Su expresión era indescifrable mientras trabajaba. Bjorn se sentó en la cama mientras ella movía el estetoscopio por su espalda y le pedía que inhalara y exhalara. Él obedeció sin quejarse, que era como yo sabía que estaba realmente enfermo. Por lo general, Bjorn estaría haciendo un millón de preguntas, pero hoy miraba fijamente el cobertor de su cama mientras la sanadora trabajaba.

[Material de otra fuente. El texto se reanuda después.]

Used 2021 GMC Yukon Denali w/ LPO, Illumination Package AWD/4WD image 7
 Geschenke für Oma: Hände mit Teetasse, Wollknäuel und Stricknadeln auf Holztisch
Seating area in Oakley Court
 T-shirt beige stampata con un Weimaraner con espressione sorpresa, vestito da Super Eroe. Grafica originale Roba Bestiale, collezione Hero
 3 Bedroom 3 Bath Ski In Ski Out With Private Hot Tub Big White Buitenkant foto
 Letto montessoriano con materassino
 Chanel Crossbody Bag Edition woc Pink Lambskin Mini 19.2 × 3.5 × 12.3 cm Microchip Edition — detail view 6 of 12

Me quedé cerca de la ventana, mordiéndome los labios hasta dejarlos en carne viva.
Cuando terminó, la sanadora se quitó el estetoscopio de las orejas y se lo colgó al cuello. Se giró hacia mí.
—Bueno, la buena noticia es que sus pulmones están limpios. No veo ningún signo de infección.
Eso no fue particularmente reconfortante.
—¿Y la mala noticia? —pregunté, aunque tenía la fea sensación de que ya sabía la respuesta a esa pregunta.